Larian Studios è conosciuta per due cose: la serie Divinity e la sua capacità di sviluppare esperienze RPG che incarnano perfettamente tutte le caratteristiche del genere e le fanno brillare. Non è stata una sorpresa quando, lo scorso anno, l’ultimo capitolo della Divinity è approdato su PC presentandosi come una delle migliori incarnazioni ruolistiche sul mercato, ricco di rimandi al passato eppure pregno di novità.

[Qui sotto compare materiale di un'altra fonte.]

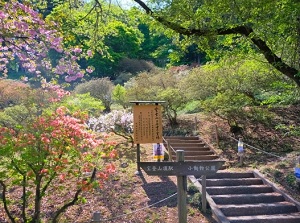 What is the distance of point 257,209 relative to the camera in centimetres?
646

La vera notizia è stata, invece, l’annuncio della enhanced con relativo porting su console: una doppia sfida sia per la complessità nell’approcciare un’architettura hardware completamente diversa, sia nel confrontarsi con un utenza non proprio avvezza a titoli che riprendono coraggiosamente l’eredità lasciata da capolavori quali Baldur’s Gate. Se volete scoprire come lo studio svedese se l’è cavata, afferrate il vostro libro di magie preferito e proseguite oltre.
Investigazioni inaspettate
Divinity: Original Sin mette il giocatore nei panni di un dinamico duo: una coppia di eroi appartenenti all’ordine dei Source hunters, una sorta di setta preposta a combattere una forza maligna chiamata Source appunto. La vicenda prende le mosse quando i nostri protagonisti vengono inviati a Cyseal, una cittadina portuale nel sud di Rivellon, per indagare sulla morte di un noto consigliere del luogo. Arrivati a destinazione, i due si trovano davanti ad una popolazione stretta da una doppia morsa: l’assedio degli orchi da un lato e quello dei non morti dall’altro. Una situazione spiacevole che, però, non fermerà i due dall’invischiarsi in ulteriori guai. Non continuiamo con il racconto per evitare eventuali spoiler e passiamo, invece, ad un’aspetto della narrazione che potrà destabilizzare i più. Larian Studios ha, infatti, deciso di lanciare il giocatore direttamente all’interno della storia senza dargli troppi indizi, lasciando che sia quest’ultimo a scavare nel mare di informazioni disponibili per cavarne un senso. Coloro che non sono abituati a passare ore nel parlare con gli abitanti del luogo, a leggere tutti gli eventuali testi che vengono resi disponibili e a grattare la superficie potranno nei primi momenti sentirsi persi. Divinity non è un gioco semplice, né tanto meno un titolo che “imbocca” il giocatore. Tutto deve essere guadagnato col sudore e con la pazienza. E’ un approccio che cambia radicalmente l’esperienza di gioco, rendendola diametralmente opposta a quanto l’utente console classico è abituato: i combattimenti fanno solo da contorno ad una vocazione investigativa che è il principale strumento di progressione nel gioco. Se vi aspettate di andare avanti a spada tratta, spaccando la testa a orchi e non-morti, ebbene rimarrete delusi. In Divinity, invece, l’obiettivo principale è scavare nella vita brulicante di Rivellon per trovare indizi e muovere i fili di una storia che si dipana su diversi piani: emotivi, politici ed esistenziali. In soldoni, il giocatore si troverà a percorrere in lungo e largo l’immensa mappa mettendo a buon uso le abilità dei suoi personaggi per scovare pezzi di un mistero tutto da scoprire: è molto più facile che utilizziate l’invisibilità di uno dei vostri eroi per entrare in casa di qualcuno ed origliarne le conversazioni, piuttosto che sgattaiolare dietro un nemico per ucciderlo.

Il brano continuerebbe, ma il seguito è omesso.